As libertarians go, I'm close-ish to a "left libertarian"; among other things, I think there's a role for government in guaranteeing a decent life for the needy, and intervening to right environmental problems that stem from unpriced negative externalities.
So what's different from liberalism? To the extent that the problems of the poor are inadequate money, I think that we should solve this problem by . . . giving them money. Not giving them food, shelter, or health care; just giving them money, and letting them decide what they want to buy. If they want to eat cornmeal mush for a month while watching cable television, let 'em. I think the government's job is to make sure people have the ingredients of a decent life, not to tell them what that decent life is.
(Health care is complicated, because there's a free rider problem and some pretty huge cost variance; I'll deal with that in a different post. But as a principle, I want to make sure that people can afford the stuff I think constitutes the bare minimum of a decent existence; I do not want to march them down to the store and make sure they buy it.)
Will the poor make bad decisions? Yup. Most poor people have already made a lot of bad decisions about things like schooling and childbearing; they'll probably make more. But they're not children; they're adults. It is not the government's job to make sure that they make good decisions. If someone is so impaired that they need the government deciding what kind of consumer goods they should buy, then they certainly shouldn't live on their own, much less vote; they should be placed in a group home or an institution where they can be properly supervised.
It's not as if poor people are the only kind of people who make bad decisions . . . I could regale you with some personal horror stories, starting with majoring in English, and moving on through the belly button ring to last night's attempt, while working late in an office near no restaurants, to substitute 14 flaxseed oil capsules for dinner. But had a government official stepped in to tell me that I really shouldn't waste years of my life on a guy who wasn't any good for me . . . well, shotguns are illegal everywhere I've lived, but that's the proper response to any government that fannies about dispensing such advice.

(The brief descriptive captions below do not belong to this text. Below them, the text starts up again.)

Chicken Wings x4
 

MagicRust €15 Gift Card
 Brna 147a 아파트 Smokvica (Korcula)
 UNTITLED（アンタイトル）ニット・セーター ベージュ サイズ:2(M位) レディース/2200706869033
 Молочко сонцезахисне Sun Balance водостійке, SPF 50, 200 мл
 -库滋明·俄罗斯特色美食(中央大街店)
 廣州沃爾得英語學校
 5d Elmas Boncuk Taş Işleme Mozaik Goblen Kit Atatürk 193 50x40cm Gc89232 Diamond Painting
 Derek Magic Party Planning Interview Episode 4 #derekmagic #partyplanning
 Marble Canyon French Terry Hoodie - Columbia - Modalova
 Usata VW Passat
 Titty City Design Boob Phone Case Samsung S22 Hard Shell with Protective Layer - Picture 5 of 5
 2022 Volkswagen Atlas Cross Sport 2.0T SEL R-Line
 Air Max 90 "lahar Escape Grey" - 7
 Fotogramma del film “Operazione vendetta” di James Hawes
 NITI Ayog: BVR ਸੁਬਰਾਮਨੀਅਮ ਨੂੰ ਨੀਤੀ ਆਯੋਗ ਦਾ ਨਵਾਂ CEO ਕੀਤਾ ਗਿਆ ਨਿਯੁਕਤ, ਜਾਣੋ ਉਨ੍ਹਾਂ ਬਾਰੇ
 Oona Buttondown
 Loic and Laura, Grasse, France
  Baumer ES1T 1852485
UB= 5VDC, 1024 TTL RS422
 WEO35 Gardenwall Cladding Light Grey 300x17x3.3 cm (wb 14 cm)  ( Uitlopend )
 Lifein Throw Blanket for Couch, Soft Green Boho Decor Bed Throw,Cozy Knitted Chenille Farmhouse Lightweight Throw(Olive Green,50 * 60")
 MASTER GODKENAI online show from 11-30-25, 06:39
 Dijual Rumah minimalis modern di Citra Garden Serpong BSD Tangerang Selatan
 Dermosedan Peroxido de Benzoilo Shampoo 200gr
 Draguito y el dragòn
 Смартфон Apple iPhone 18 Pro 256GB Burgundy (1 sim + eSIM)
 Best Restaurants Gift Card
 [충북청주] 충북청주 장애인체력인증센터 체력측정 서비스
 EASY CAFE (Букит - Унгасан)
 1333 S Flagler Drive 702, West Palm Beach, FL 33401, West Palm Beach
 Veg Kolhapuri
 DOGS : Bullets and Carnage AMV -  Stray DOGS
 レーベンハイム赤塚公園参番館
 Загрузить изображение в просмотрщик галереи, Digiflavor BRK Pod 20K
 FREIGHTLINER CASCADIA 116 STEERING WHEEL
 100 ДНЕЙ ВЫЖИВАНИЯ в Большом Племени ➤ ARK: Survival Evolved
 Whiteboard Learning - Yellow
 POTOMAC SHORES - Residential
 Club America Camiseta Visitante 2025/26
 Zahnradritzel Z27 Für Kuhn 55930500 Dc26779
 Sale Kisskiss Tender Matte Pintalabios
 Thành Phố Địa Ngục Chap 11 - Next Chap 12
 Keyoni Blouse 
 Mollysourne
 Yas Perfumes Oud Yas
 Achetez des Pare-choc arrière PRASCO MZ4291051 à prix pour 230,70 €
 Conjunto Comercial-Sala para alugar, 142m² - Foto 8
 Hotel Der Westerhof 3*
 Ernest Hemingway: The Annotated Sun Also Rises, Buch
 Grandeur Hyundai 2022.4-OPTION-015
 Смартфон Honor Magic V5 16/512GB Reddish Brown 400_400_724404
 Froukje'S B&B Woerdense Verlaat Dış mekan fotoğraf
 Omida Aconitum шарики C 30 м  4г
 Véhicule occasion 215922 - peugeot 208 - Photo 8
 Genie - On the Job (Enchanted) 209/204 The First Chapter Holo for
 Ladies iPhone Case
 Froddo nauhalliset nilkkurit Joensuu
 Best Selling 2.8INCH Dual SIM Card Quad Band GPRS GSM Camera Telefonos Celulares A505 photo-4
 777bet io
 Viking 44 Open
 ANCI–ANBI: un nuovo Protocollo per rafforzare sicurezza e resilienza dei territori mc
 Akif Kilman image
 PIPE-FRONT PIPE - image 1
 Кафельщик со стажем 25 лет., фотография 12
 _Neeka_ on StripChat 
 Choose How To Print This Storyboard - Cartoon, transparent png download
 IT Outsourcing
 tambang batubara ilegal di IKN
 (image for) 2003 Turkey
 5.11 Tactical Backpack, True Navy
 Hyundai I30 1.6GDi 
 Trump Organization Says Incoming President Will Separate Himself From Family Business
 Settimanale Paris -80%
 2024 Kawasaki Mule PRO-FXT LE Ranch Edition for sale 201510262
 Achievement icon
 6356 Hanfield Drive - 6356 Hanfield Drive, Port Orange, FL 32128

The government is really very good at distributing cash, with only the normal deadweight loss attendant on taxation. But it is an abysmal dispenser of advice on how to live your life, which is why the Declaration of Independance promises not happiness, but only the space to pursue same. I'm very open to arguments that private charity can't cover the cash needs of the poor, but I'll pit a private institution against the government in the "better living through social work" game any day of the week, and twice on the last day of the month.
Obviously, I'm against most forms of government help for adults, but is there anything as creepy as the notion that the government is supposed to improve you? If I want to be improved, I'll take on the project myself, thank you very much, and I extend people who are short of cash the respect of believing that they are probably much like myself in this regard. Either help them, or don't; there are valid arguments on both sides. But don't badger them to death.
These nannying arguments always make me think of one particularly bitter New York night, seeing a woman in a fur coat sweep past a homeless man braving the subzero weather in a sweatshirt. Figuring that no matter what he had done to himself or others, he didn't deserve to be left out on a night like this, I gave him five bucks on my way into the deli. Therein, the fur-coat lady said to me "He'll just spend it on drugs, you know."
It is one of the few times that I, whose middle name is "L'esprit d'escalier", have ever managed to muster a snappy comeback line on time. "I hope so," I responded, "because personally, if I were out there tonight, I would want some serious drugs."
In the case of kids, I'm game for a little more supervision; I'm happy to mandate vouchers for schooling and health care to make sure that they get some of each, and I'm willing to make those contingent on meeting some basic set of criteria. (Don't get too excited, liberals; I'm talking "Teaches reading, math, and a science class that includes evolution", not "Employs only union teachers with education degrees and a ream of useless certifications".) But I am left cold by the notion that we have to keep poor parents from having any say in the lives of their kids. If the kids are that badly off, pull them out of the home (indeed, adoption by more affluent families is the only broad remedy that is actually demonstrably effective at improving the lives of poor children, a remedy whose effectiveness is matched only by its utter repugnance).
If you are not going to do this, and thank God we aren't, do them and their parents the service of believing that even poorer, darker skinned people with a variety of social and economic problems love their kids every bit as much as you love yours--and certainly a lot more than you love theirs.